A number of embodiments of the systems and methods have been described. Nevertheless, it will be understood that various modifications may be made without departing from the spirit and scope of this specification. Accordingly, other embodiments are within the scope of the following claims.
1. A method for stabilizing a sacroiliac (SI) joint, the method comprising:
inserting a cannulated trocar/cannula assembly into the SI joint;
removing the cannulated trocar leaving a cannula extending into the SI joint;
inserting implants or a flexible chain of implants into the cannula;
inserting a pusher into cannula to advance the implants or chain of implants out of the cannula into an articular area of the SI joint.
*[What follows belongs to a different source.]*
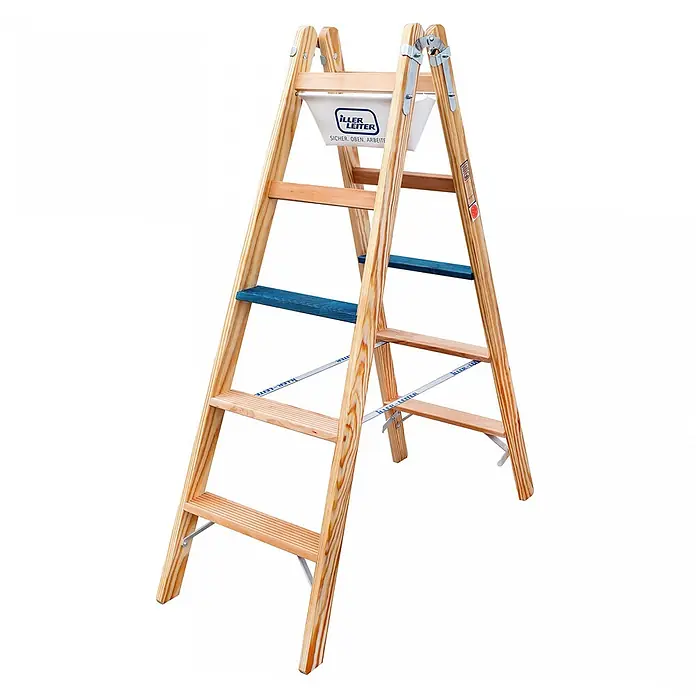 Iller Leiter Doppel-Stehleiter Holz Stufensteh ERGO Plus inkl. Werkzeugtasche und Eimerhaken 2x6 Stufen 3, - Anzahl Tritte: 6 Stk., Arbeitshöhe: 3.300 m, Holz - Hölzerne Stehleiter mit mehreren Stufen, teilweise blau lackiert, und einer weißen Ablageschale oben.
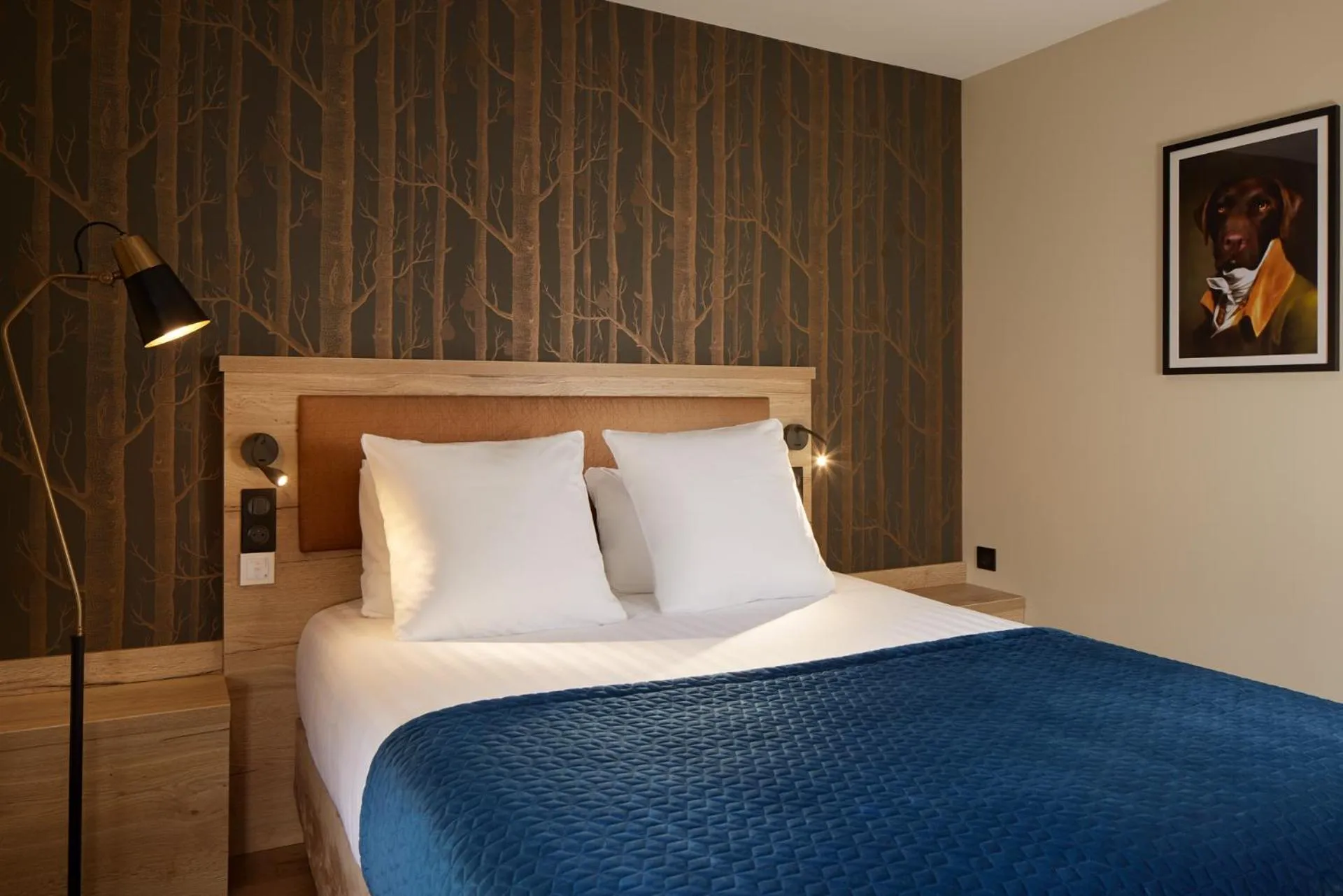 Photo of the whole room, Bed in Les Nomades Beaune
2. The method of claim 1, further comprising placing a Kirschner wire posterior-caudal into the SI joint.
3. The method of claim 2, wherein inserting the cannulated trocar. The method of claim cannula assembly into the SI joint comprises inserting the cannulated trocar/cannula assembly into the SI joint along the Kirschner wire.
4. The method of claim 3, further comprising removing the k-wire.
5. The method of claim 1, further comprising rasping a surface of the SI joint to create bleeding bone.
6. The method of claim 1, wherein inserting the cannulated trocar/cannula assembly into the SI joint comprises inserting the cannulated trocar/cannula assembly into the SI joint at a location used for injection of steroids into the SI joint for pain relief.
7. The method of claim 1, wherein inserting a cannulated trocar/cannula assembly into the SI joint comprises using fluoroscopic-guided or CT guided insertion.
8. The method of claim 7, wherein the SI joint is localized using a fluoroscope to visualize an inferior component of the articular space.
9. The method of claim 7, further comprising performing a preliminary CT of the SI joint.
10. The method of claim 1, wherein inserting a cannulated trocar/cannula assembly into the SI joint in performed without damage or penetration to dorsal intraosseous ligaments.
11. The method of claim 1, further comprising identifying blocking structures in the area used for a posterior-caudal approach.
12. The method of claim 11, wherein, in response to identifying blocking structures in the area used for a posterior-caudal approach, inserting the cannulated trocar/cannula assembly into the SI joint comprises inserting the cannulated trocar/cannula assembly into the SI joint using a posterior saddle approach.
13. The method of claim 11, wherein the blocking structures comprise osteophytes.